In der AZ beschreibt Olympiasieger Markus Wasmeier die Faszination Abfahrt, das Nervenspiel und die Begeisterung der Sportfans in Kanada.
Das Feuer ist entfacht, jetzt geht es endlich los. Und das gleich richtig! Mit der Abfahrt der Männer am Samstag, für viele noch die Königsdisziplin bei Olympischen Spielen. Gerade die Kanadier sprechen viel davon, zweimal waren sie schon Gastgeber für Olympia, dabei haben sie noch kein einziges Mal Gold geholt. Darum wird es Zeit für sie, mit Manuel Osborne-Paradis haben sie auch einen der Mitfavoriten dabei.
Das ist ein gewaltiger Druck, der auf dem Burschen lastet, aber die Sportler aus Nordamerika hatten in diesem Punkt schon immer eine ganz andere Mentalität. Sie stellen sich ganz bewusst der Stress-Situation, der Favoritenrolle, das spornt sie eher an, als dass es sie verunsichert.

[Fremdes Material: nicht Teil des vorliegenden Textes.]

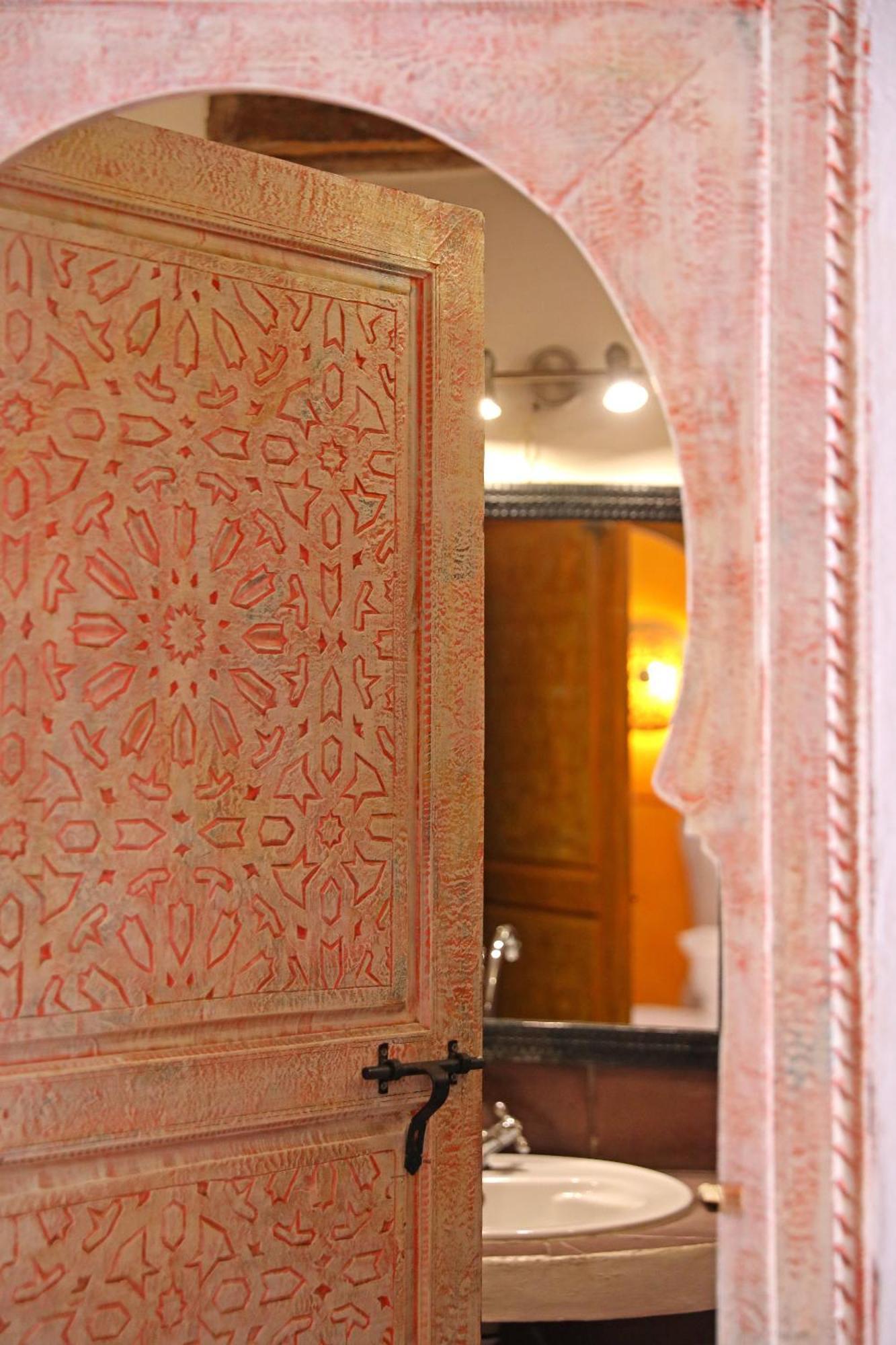 Villa Garance As-Sawíra Pokoj fotografie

Mir selbst war das immer unangenehm. In Albertville 1992 bin ich nach meinen drei Trainingsbestzeiten dauernd auf meine Favoritenrolle hin befragt worden, das wurde mir auf Dauer richtig unangenehm, und prompt bin ich am Ende ohne irgendwas heimgefahren. Nur mit der blechernen Medaille, nach meinem vierten Platz. Denn wenn du dauernd die gleichen Fragen hörst, fangen irgendwann mal die Nerven zum Flattern an.
In Lillehammer ist es mir viel besser gelungen, was daran lag, dass es den Reportern nach dem Training bei minus 30 Grad auch oft zu kalt war, lange auf mich zu warten, um mir noch Fragen zu stellen. Ich konnte mich wunderbar abschotten, ich habe versucht, die Rennen zwar nicht wie ein Rennen beim Skiclub anzusehen, aber doch eher wie ein normales Weltcuprennen. Die gleiche Startvorbereitung, keine Hektik aufkommen lassen, weil das jetzt Olympia ist.
Dass es was besonderes ist, und eben doch was anderes als ein normales Weltcup-Rennen, das merkst du dann hinterher dafür umso mehr, bei dem ganzen Rummel und Trubel nach meinen beiden Olympiasiegen.
Nun, 16 Jahre später, werde ich oft gefragt, wann denn der nächste deutsche Alpinfahrer wieder Olympiasieger wird. Mit Ausnahme von Felix Neureuther, dem der große Triumph im Slalom durchaus zuzutrauen ist, sehe ich sonst leider keinen Kandidaten. In der Abfahrt haben wir nur Stephan Keppler, der ist aber eben auch alleine und hat keine Mannschaft um sich herum, wo man sich gegenseitig antreiben und nach vorne bringen könnte. Und vorerst ist da auch keiner in Sicht. Das ist sehr bedauerlich.
Abgesehen davon wird es noch einen großen Unterschied zu den Spielen von Lillehammer geben. Damals waren 80000 fachkundige Fans an der Strecke, lauter Experten, Sportinteressierte. Hier in Vancouver wird es eher so wie in Salt Lake City. Sie werden die Olympischen Spiele als Show sehen, als Event, sie werden den ganzen Tag alle Leute anfeuern und den Olympiasieger genauso bejubeln wie den Exoten aus Ghana, der mit einer halben Minute Rückstand ins Ziel kommt.
Ich freue mich schon sehr. Das wird eine Riesen-Party.